▶ Study material
Content starts
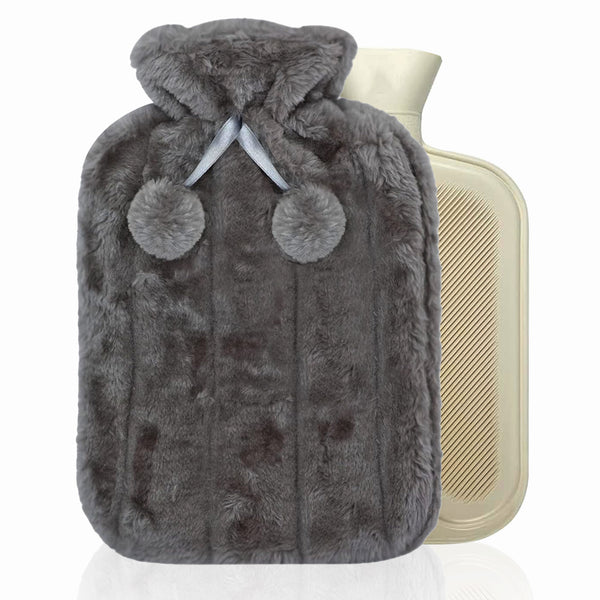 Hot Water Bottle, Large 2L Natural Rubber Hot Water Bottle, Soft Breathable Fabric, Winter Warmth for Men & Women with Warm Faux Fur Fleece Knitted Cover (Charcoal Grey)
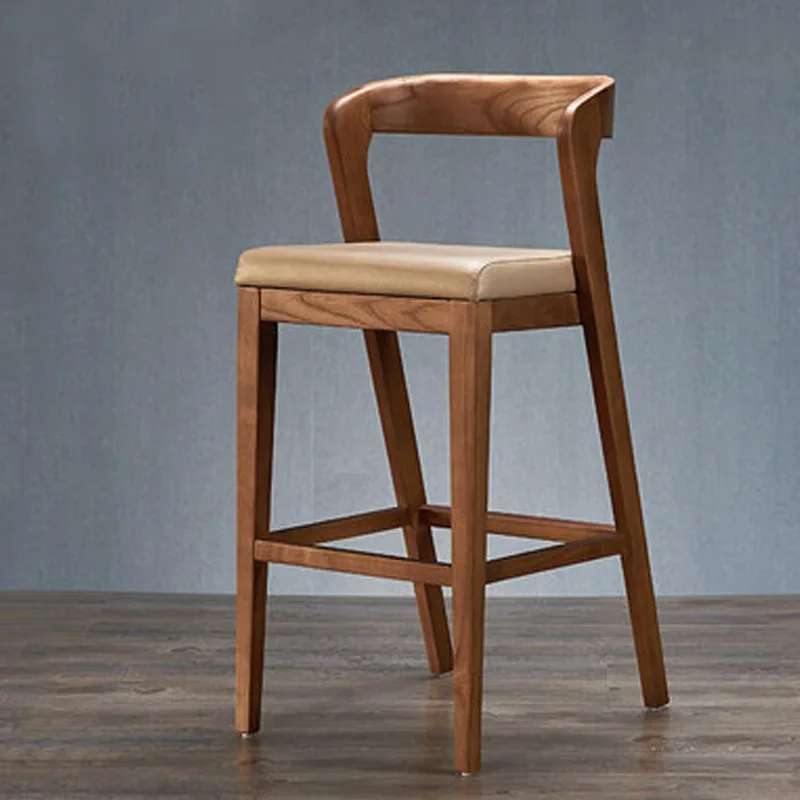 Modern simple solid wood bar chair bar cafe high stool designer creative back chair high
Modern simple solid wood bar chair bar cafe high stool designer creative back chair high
Content ends
Content starts
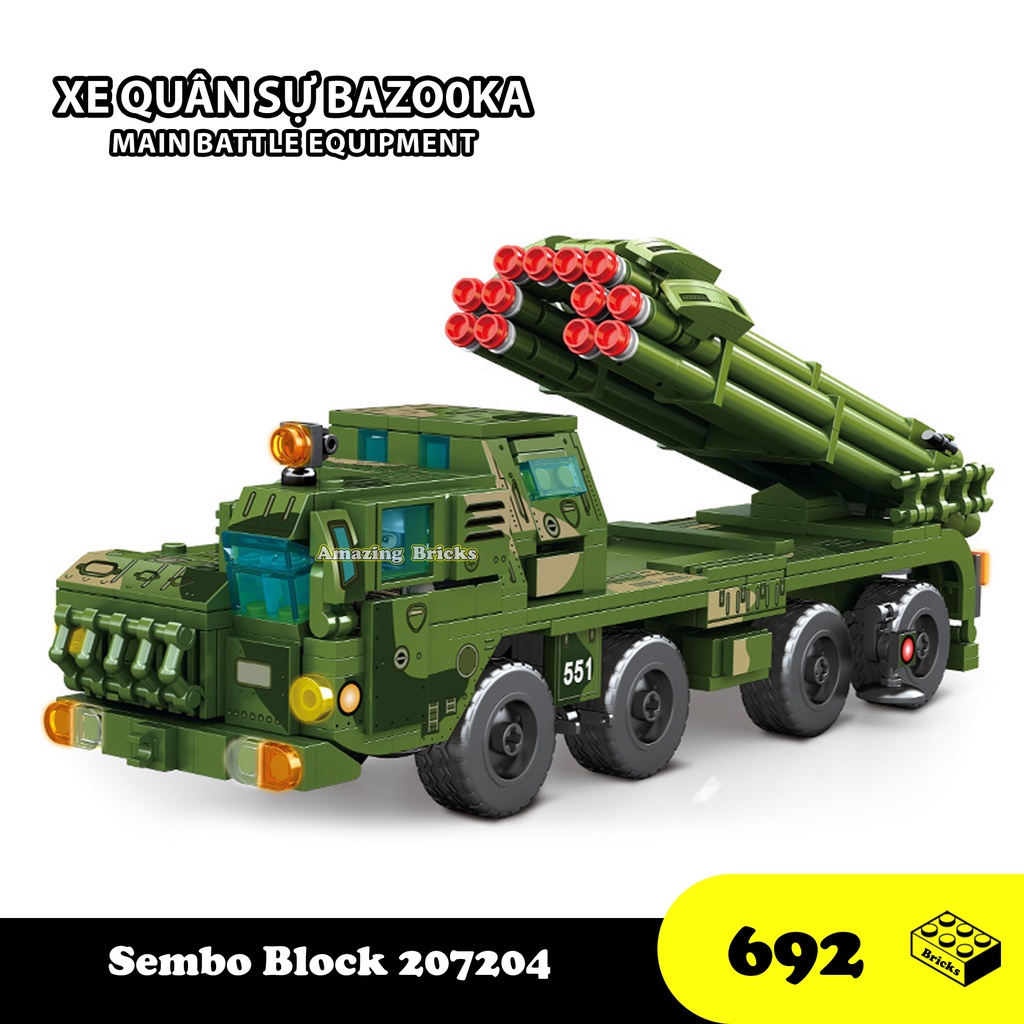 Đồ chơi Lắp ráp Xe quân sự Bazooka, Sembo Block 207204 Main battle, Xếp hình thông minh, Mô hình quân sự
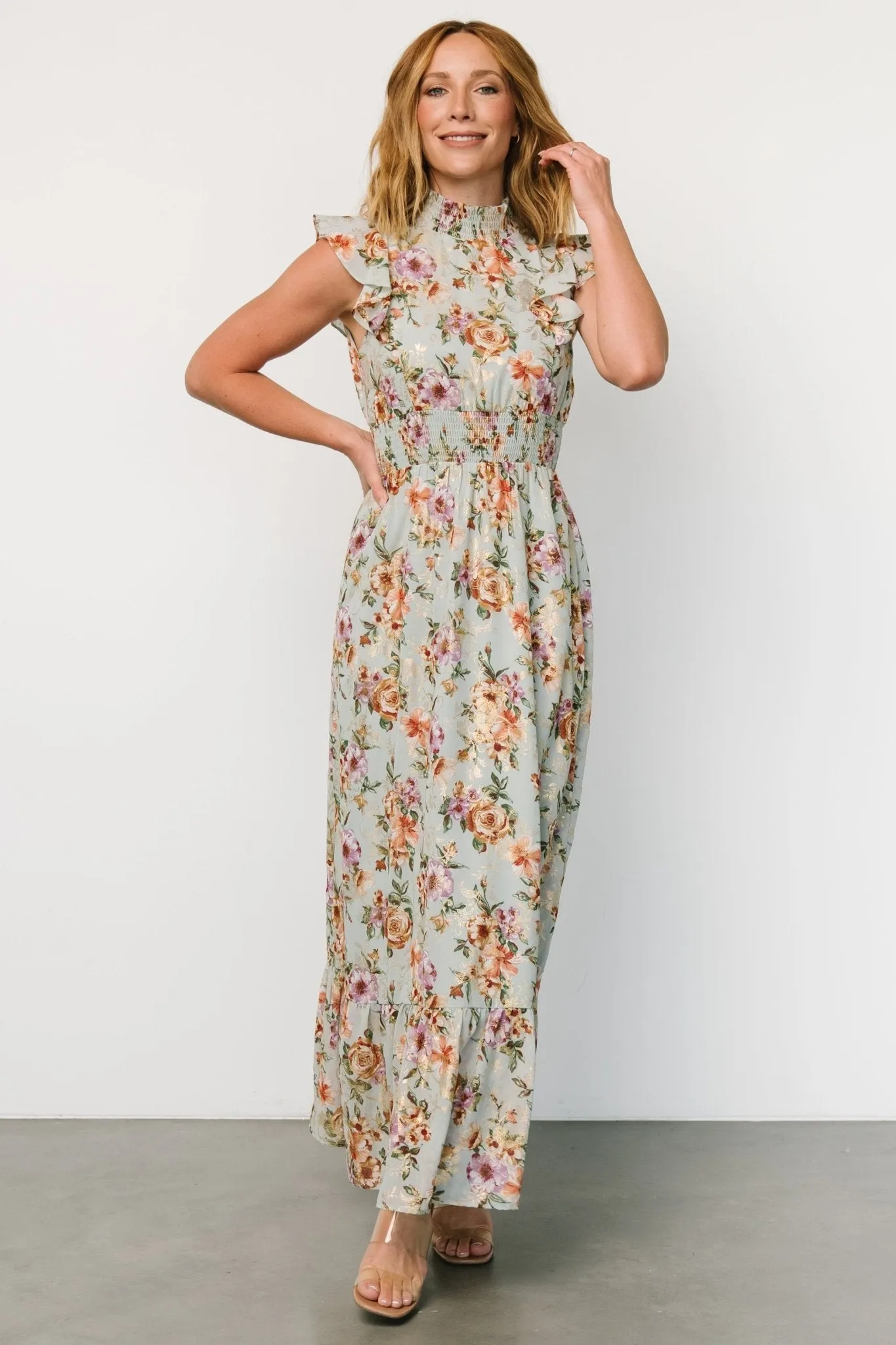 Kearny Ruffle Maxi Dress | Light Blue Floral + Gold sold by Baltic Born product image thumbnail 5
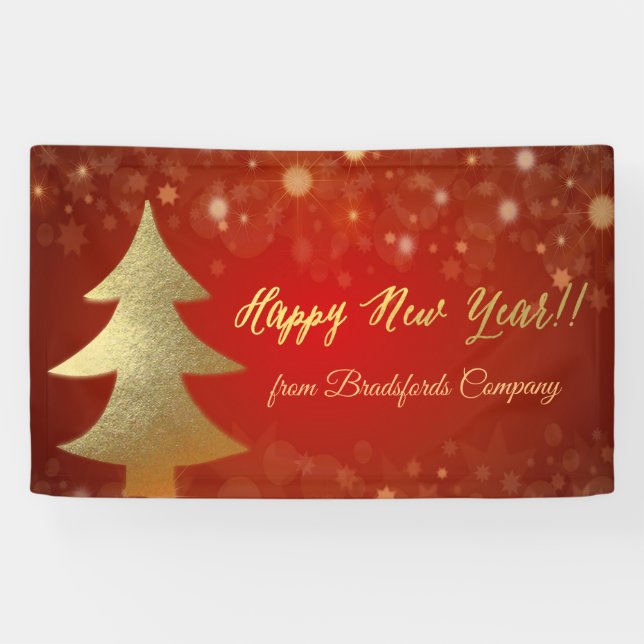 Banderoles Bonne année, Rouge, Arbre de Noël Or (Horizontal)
Content ends
Please copy out from the data above, without any picture, exactly the lines running from the one that holds "Kearny Ruffle Maxi" through the one that holds "Banderoles Bonne année, Rouge, Arbre", and nothing beyond them.

 Kearny Ruffle Maxi Dress | Light Blue Floral + Gold sold by Baltic Born product image thumbnail 5
 Banderoles Bonne année, Rouge, Arbre de Noël Or (Horizontal)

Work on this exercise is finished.